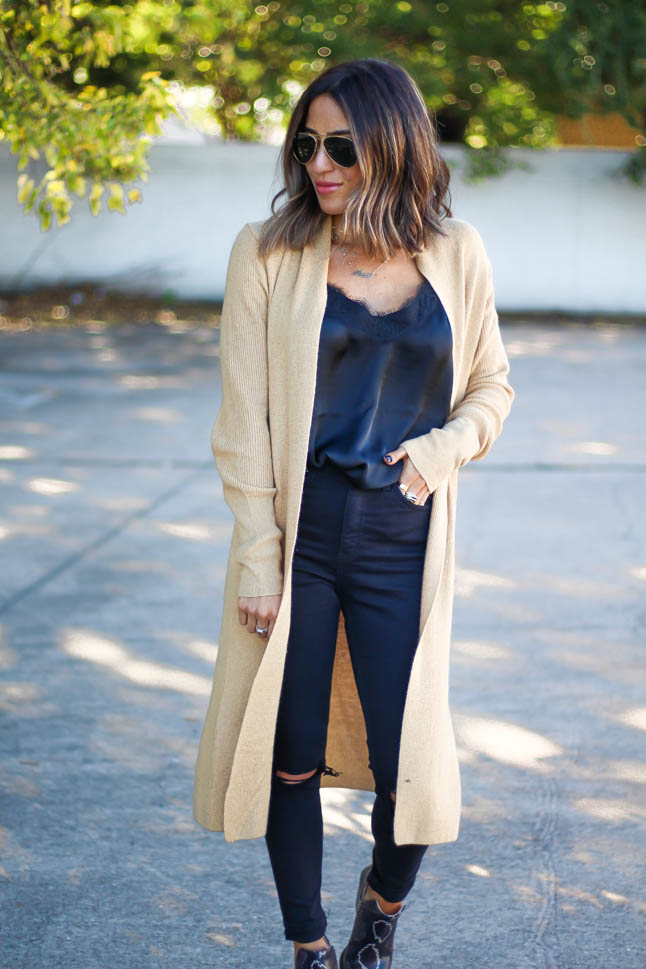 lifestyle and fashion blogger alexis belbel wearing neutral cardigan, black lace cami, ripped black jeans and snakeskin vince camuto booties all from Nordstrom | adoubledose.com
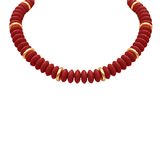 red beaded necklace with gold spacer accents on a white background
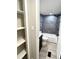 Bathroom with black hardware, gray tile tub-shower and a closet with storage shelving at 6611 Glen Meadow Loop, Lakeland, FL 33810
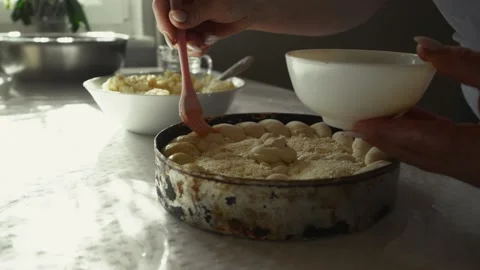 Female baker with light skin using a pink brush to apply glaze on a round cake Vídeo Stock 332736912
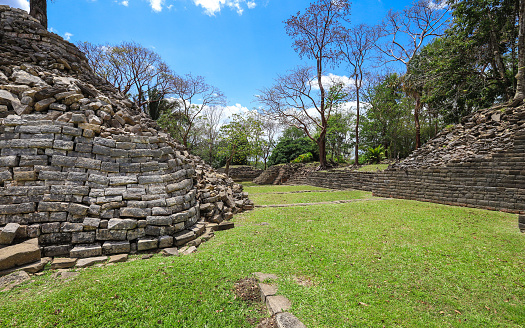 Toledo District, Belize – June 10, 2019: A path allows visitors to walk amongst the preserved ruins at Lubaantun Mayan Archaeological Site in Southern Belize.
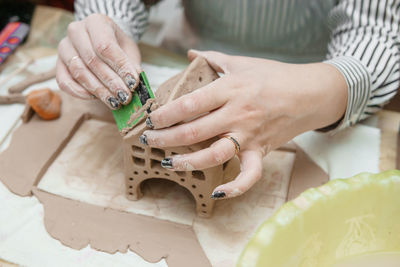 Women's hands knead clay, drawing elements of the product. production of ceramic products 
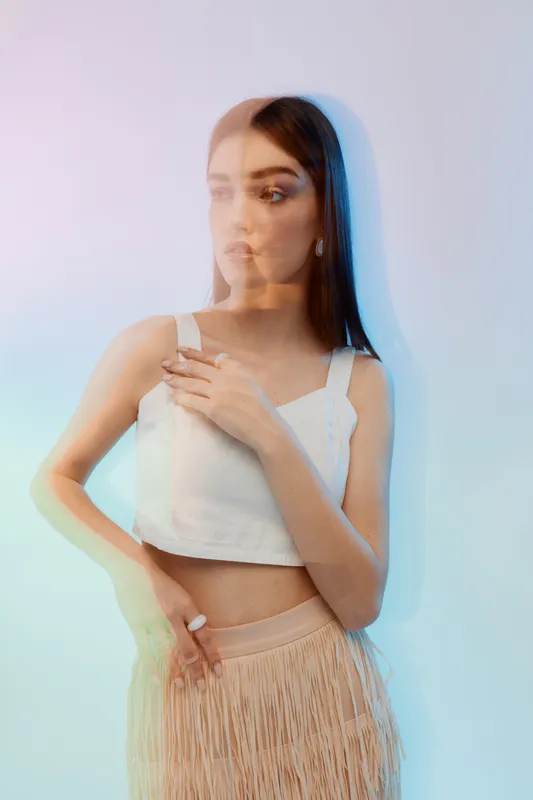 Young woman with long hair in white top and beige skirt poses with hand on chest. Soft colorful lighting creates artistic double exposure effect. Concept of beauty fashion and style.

* * *

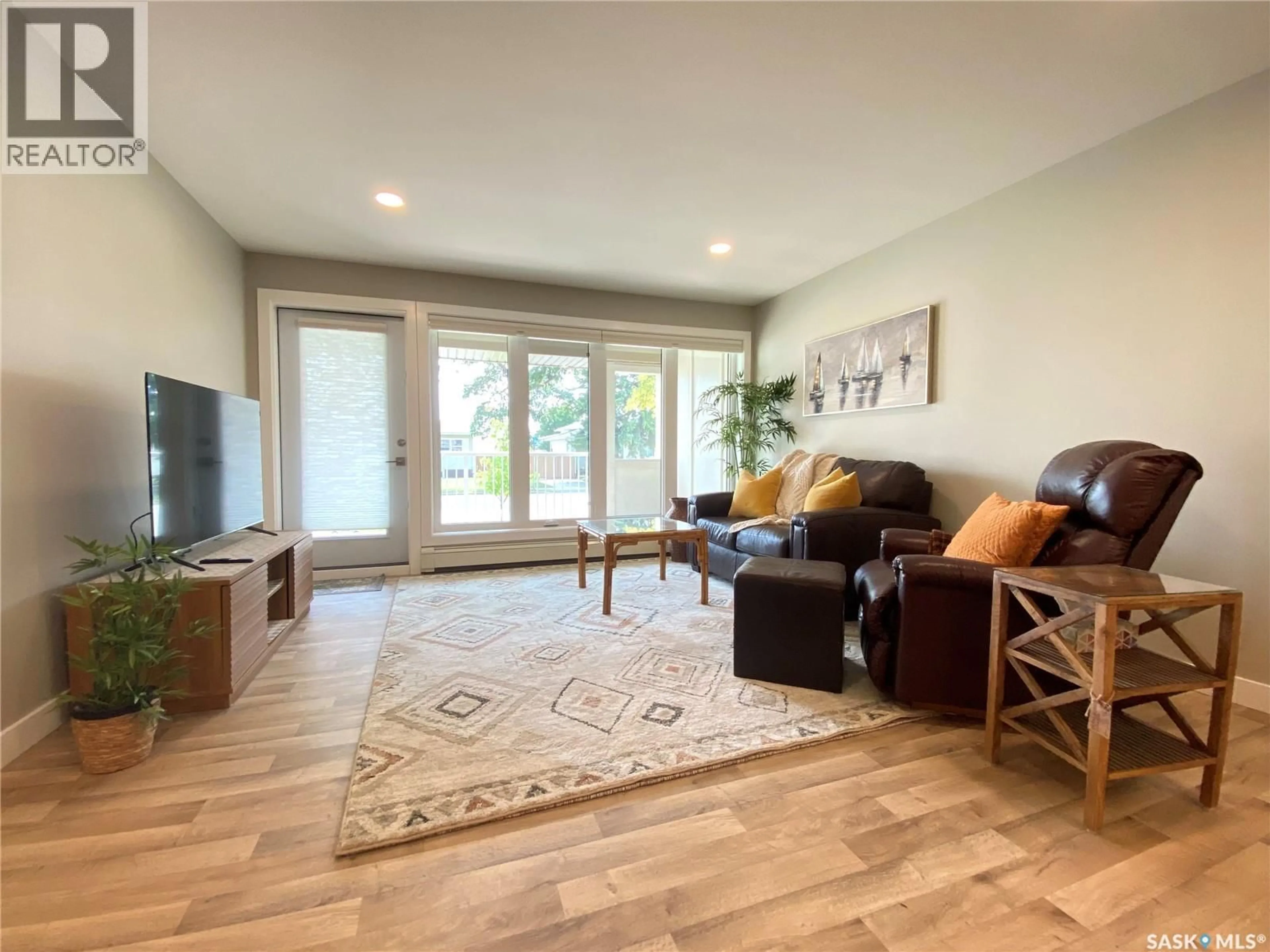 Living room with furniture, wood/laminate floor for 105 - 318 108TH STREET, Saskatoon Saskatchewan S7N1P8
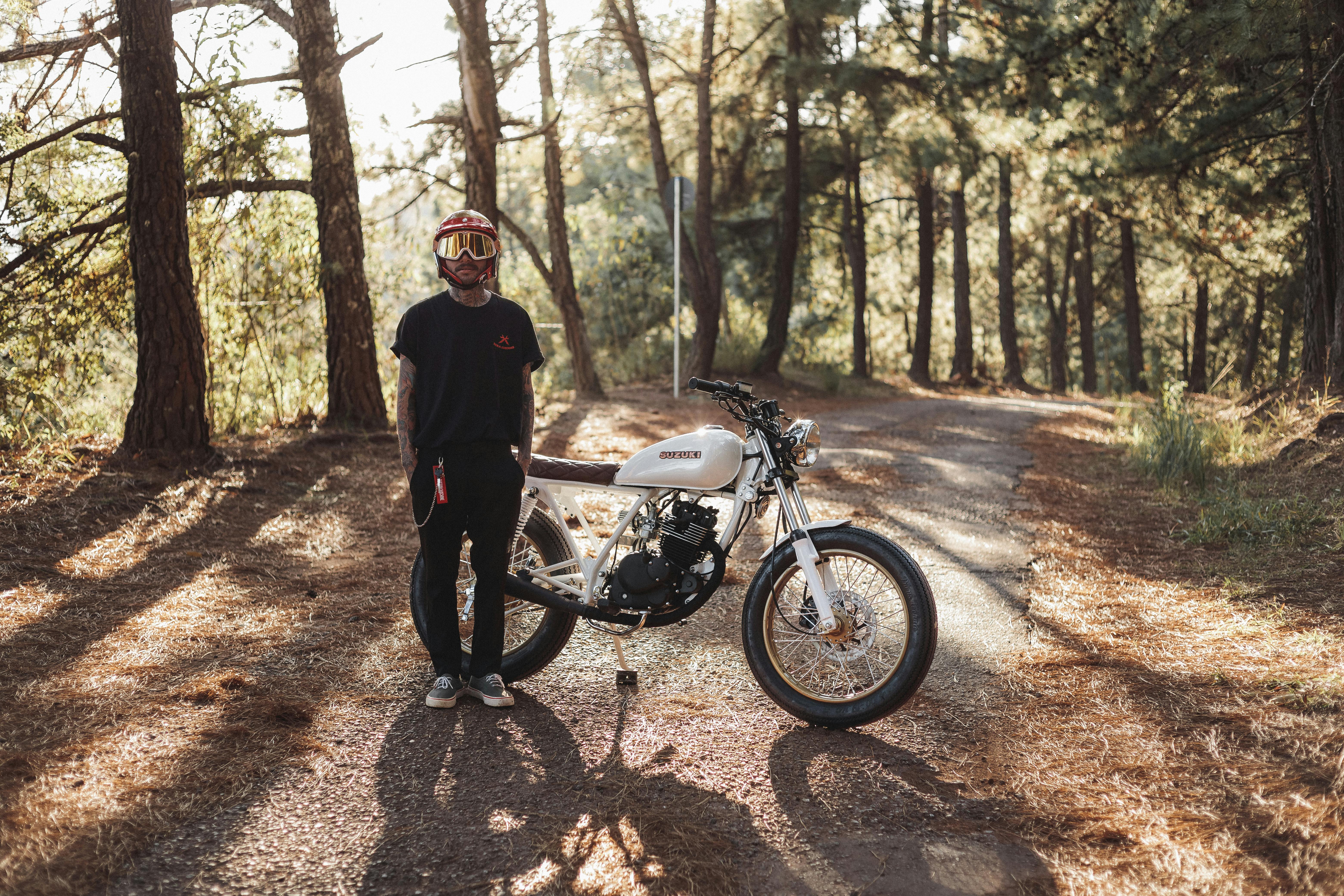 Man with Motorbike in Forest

= Work request =
In the records above, everything from the line with "lifestyle and fashion" down to the line with "Bathroom with black" is to be set down exactly, both ends included, with no pictures and no other lines.

= Expected output =
 lifestyle and fashion blogger alexis belbel wearing neutral cardigan, black lace cami, ripped black jeans and snakeskin vince camuto booties all from Nordstrom | adoubledose.com
 red beaded necklace with gold spacer accents on a white background
 Bathroom with black hardware, gray tile tub-shower and a closet with storage shelving at 6611 Glen Meadow Loop, Lakeland, FL 33810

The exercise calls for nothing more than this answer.